二つ目は自分の価値観についてだ。チビ太に誘拐されて以来、俺は自分の存在意義や価値観と向き合う機会が増えていた。なんで助けにきてくれなかった、なんであんなものを投げられなければいけなかった、なんで誰も見舞いにきてくれなかった。そんな独りよがりで自意識過剰な被害妄想を抱きながらも、求められない自分が悪いと結論付けて諦める悪癖が身についていたように思う。これも今だからこそ、そう思えるのだろう。あの日おそ松が「お前以外はカラ松じゃない」と言ってくれた今だからこそ冷静にそう思える。そして今に至っては「俺でしかないカラ松はやっぱり何をどうしたって此処では不要な存在なんだ」と冷静に考えられるようになった。唯一の兄はそれを気付かせるためにああやって遠回しに助言してくれたんだろう、やっぱりおそ松はすごいと思う。

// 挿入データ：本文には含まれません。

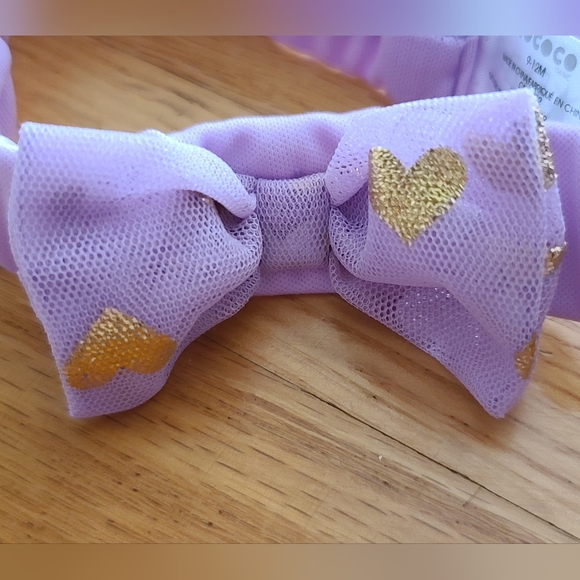 10 for $16 - Rococo Infant Girls 9-12m Lilac Headband with Gold Hearts - Picture 2 of 3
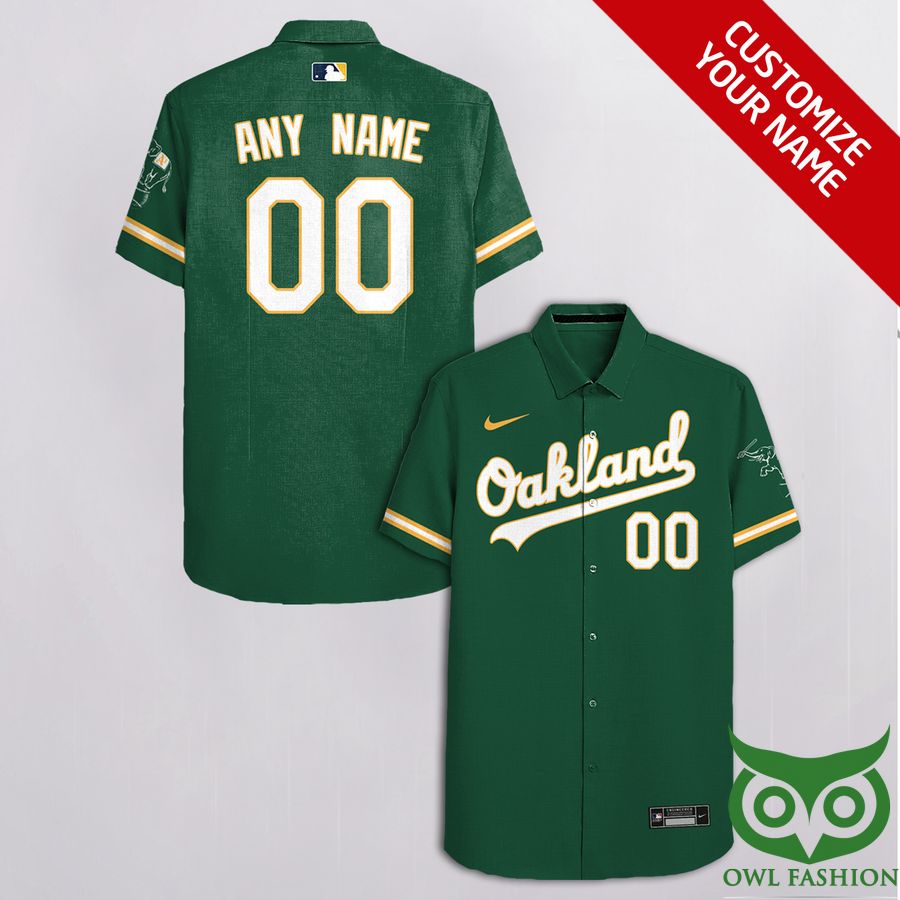 Customized Oakland Athletics Dark Green with Team Logo on Sleeves Hawaiian Shirt
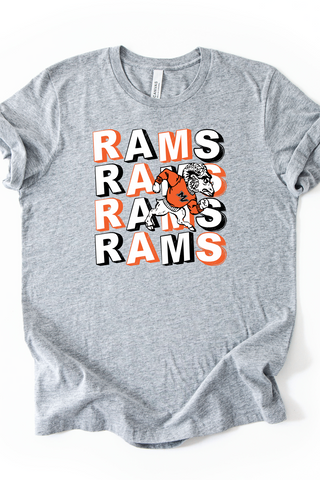 Mt. Vernon Rams On Repeat Font Made to Order Tee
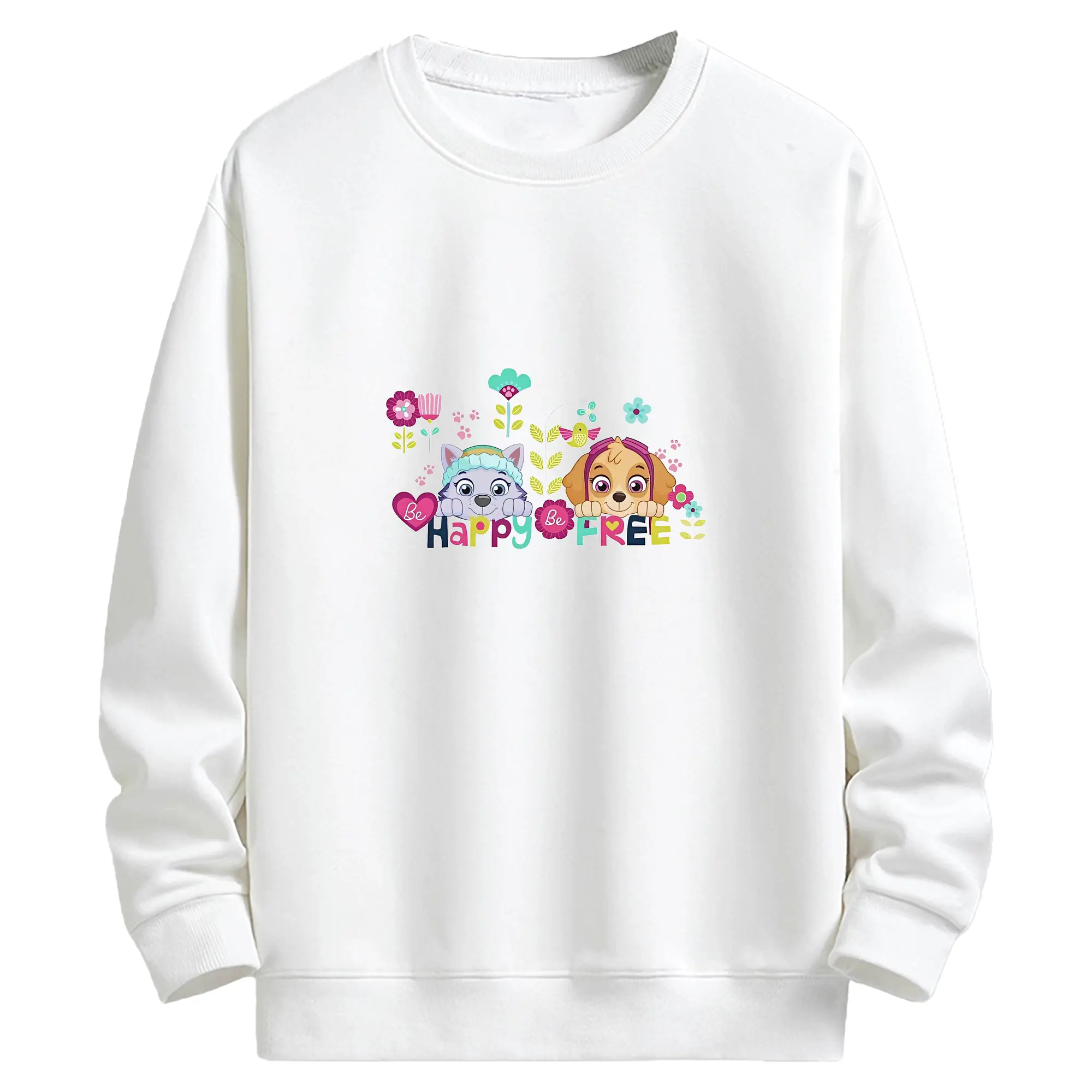 パウ・パトロール グッズ,スカイ - キッズ クルーネックスウェットシャツ ・ フロントプリント ・ 綿80％ ポリエステル20％ ・ 快適 通学 スポーツ 日常使い お散歩用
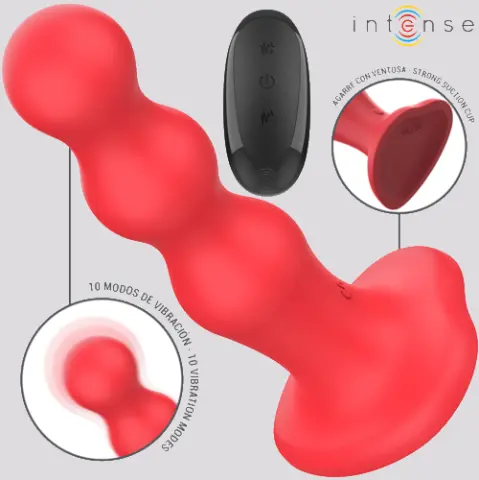 Imagen Dildo vibrador ondulado rojo control remoto Intense Cody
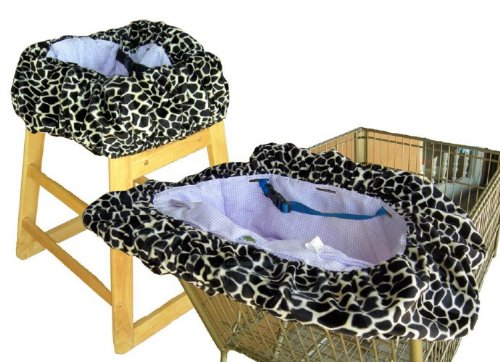 Picture of Cozy Patricia Ann Designs Giraffe Shopping Cart / High Chair Cover - Lavender and White Gingham B004QK2BP2 (Baby Shopping Cart Covers)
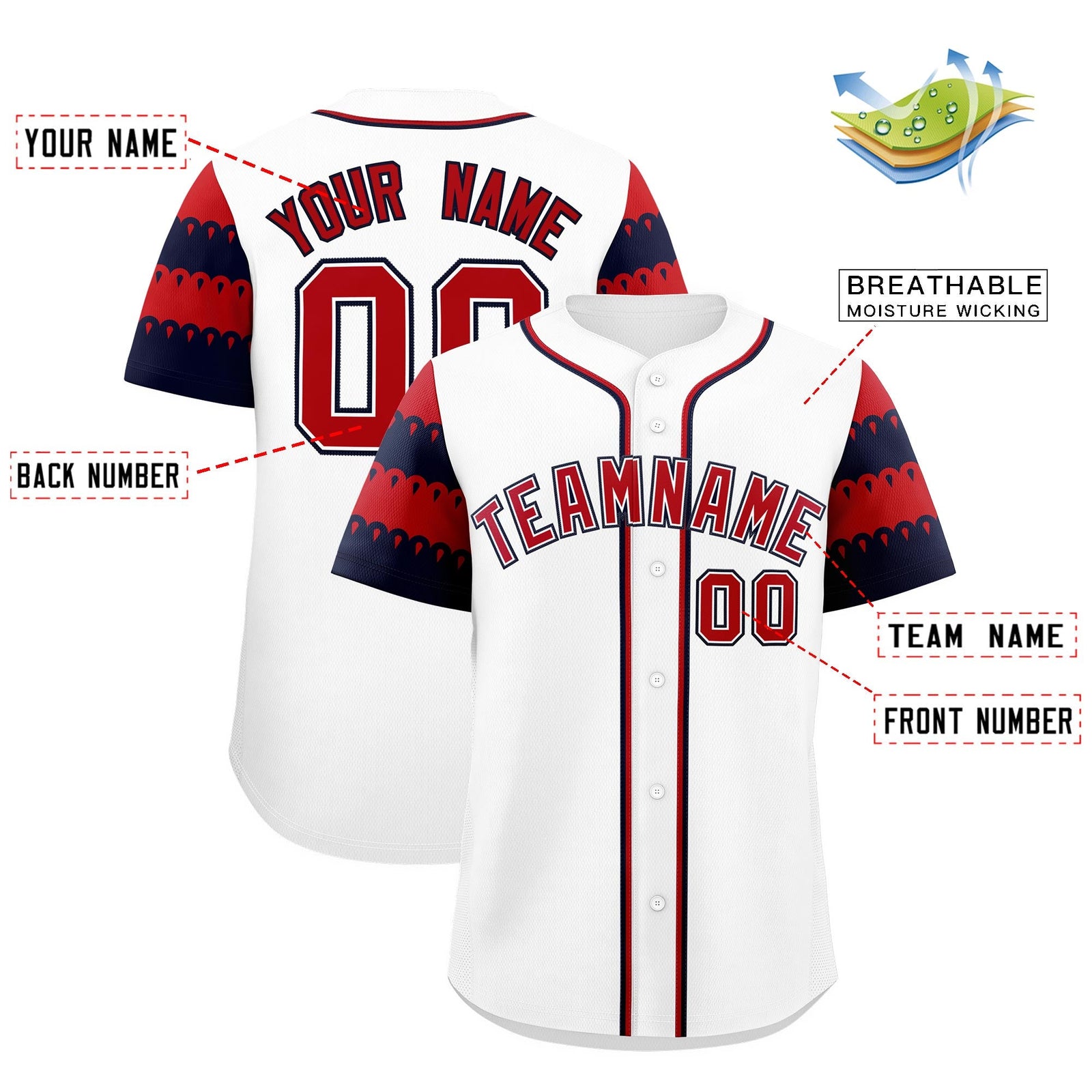 Custom White Red Navy Sleeve Flag Lace Baseball Jersey | Sublimation Printed & Embroidery,Add Name and Numbern,Perfect for Teams | KXKSHOP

そんな二つの変化を自覚して以来、俺は家を空ける機会が増えた。
身体が妙に重かろうが喉が酷く乾こうが今日も今日とて俺はカラ松girlに会いに行く。昼寝に費やしていた時間のほとんどを今やカラ松girlの為に捧げているのだ。












「おいクソ松、邪魔」

それはいつも通りの不機嫌そうな声だった。

もうちょっとそっちつめろ。
そう言いながらゴソゴソと隣に潜り込んで来た塊に謝りながら、少しだけスペースを空けてやった。どうやら外に出ていたらしい。すぐ隣の丸まった身体からはひんやりとした空気が感じられた気がした。
決して広くない炬燵だが俺以外誰もいないのだし空いている場所に座ればいいものの、何故かわざわざ隣に潜り込んで来た弟がとても微笑ましく思えてつい笑ってしまう。かわいいな俺の弟は。

「…なに笑ってんの」
「いやつい嬉しくてな。ああそうだ一松、蜜柑食べるか?」
「……食べる」

不服だと言わんばかりの表情で素直に頷く弟が可愛くて仕方ないが、あまり言うとよろしくない。本当に機嫌を損ねてしまうのでやめておこう。そんなことを考えながら蜜柑を剥き始めると、一松の視線が俺の手元に注がれていることに気付く。あまりにも熱烈な視線に「そんなに好きなのか?」と笑いかけるが「殺すぞクソ松」と凄まれて少し落ち込む。そんなこんなで漸く剥けた蜜柑も、手渡そうとする前に伸びてきた一松の手により素早く奪われてしまった。お前…そんなに食べたかったのか、蜜柑。




変わったと言えばこの2つ下の弟、一松もそうだ。
主に俺への態度だが何故だろうか最近柔らかくなった…というより急激に距離感が近くなった。だからと言って呼び方は相変わらずクソ松だし他の兄弟に比べたら当たりは強いけど、気付けば一松が傍に居ることが多くなっていた。そして、そんなふうに俺の傍に居る時の一松は時々何かに警戒しているようだったが正直よく解らない。それでも急に胸倉を掴まれたり暴力を振るわれていた時の事を考えると、今こうやって一松と過ごせる時間は手放しに嬉しかった。今までもよく解らなかったのだから今多少解らないのは仕方ない。


「ねえ、次はいつ帰ってくるの」
「…?誰か待ってるのか?」
「まあ、待ってるんじゃないの。途中でくたばりやがれとも思うけど」
「…一松は難しいことかんがえるなぁ」


頭を台に預けながらカラカラっと笑えば「アンタはしばらく今のままでいいよ」なんていつぞやのおそ松に言われたような台詞が投げ掛けられ、そろそろと伸びてきた手で髪を梳かれてそのままに撫でられる。俺は蜜柑か…そんなわけのわからないツッコミを心の中でしながら、急激に襲ってきた眠気に抗えずゆっくりと目を閉じた。薄暗さにあてられたのか、あるいは俺を撫でる手が存外に気持ちよかったからかもしれない。兄の威厳丸潰れだなぁなんて的外れなことを考えながら、明日会えるだろうカラ松girlを想ってとうとう意識を手放したのだ。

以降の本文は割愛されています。